§ The problem
Could every line of the data be printed exactly as it reads?

§ Source data
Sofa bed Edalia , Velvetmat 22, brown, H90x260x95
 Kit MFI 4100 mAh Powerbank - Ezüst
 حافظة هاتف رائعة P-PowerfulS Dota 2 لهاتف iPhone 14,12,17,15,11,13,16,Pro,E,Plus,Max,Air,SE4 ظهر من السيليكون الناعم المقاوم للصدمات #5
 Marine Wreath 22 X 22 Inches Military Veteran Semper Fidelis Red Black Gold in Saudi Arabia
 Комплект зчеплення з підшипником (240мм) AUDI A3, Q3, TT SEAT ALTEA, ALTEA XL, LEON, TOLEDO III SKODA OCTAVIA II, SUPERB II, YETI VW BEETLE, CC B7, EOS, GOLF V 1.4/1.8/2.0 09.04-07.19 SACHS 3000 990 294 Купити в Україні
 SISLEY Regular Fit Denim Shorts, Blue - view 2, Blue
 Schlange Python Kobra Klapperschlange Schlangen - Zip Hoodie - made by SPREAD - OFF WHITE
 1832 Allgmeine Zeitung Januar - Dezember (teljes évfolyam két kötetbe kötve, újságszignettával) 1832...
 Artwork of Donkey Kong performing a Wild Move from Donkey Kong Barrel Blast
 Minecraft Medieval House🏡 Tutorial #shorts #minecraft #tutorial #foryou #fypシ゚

§ Answer box
Sofa bed Edalia , Velvetmat 22, brown, H90x260x95
 Kit MFI 4100 mAh Powerbank - Ezüst
 حافظة هاتف رائعة P-PowerfulS Dota 2 لهاتف iPhone 14,12,17,15,11,13,16,Pro,E,Plus,Max,Air,SE4 ظهر من السيليكون الناعم المقاوم للصدمات #5
 Marine Wreath 22 X 22 Inches Military Veteran Semper Fidelis Red Black Gold in Saudi Arabia
 Комплект зчеплення з підшипником (240мм) AUDI A3, Q3, TT SEAT ALTEA, ALTEA XL, LEON, TOLEDO III SKODA OCTAVIA II, SUPERB II, YETI VW BEETLE, CC B7, EOS, GOLF V 1.4/1.8/2.0 09.04-07.19 SACHS 3000 990 294 Купити в Україні
 SISLEY Regular Fit Denim Shorts, Blue - view 2, Blue
 Schlange Python Kobra Klapperschlange Schlangen - Zip Hoodie - made by SPREAD - OFF WHITE
 1832 Allgmeine Zeitung Januar - Dezember (teljes évfolyam két kötetbe kötve, újságszignettával) 1832...
 Artwork of Donkey Kong performing a Wild Move from Donkey Kong Barrel Blast
 Minecraft Medieval House🏡 Tutorial #shorts #minecraft #tutorial #foryou #fypシ゚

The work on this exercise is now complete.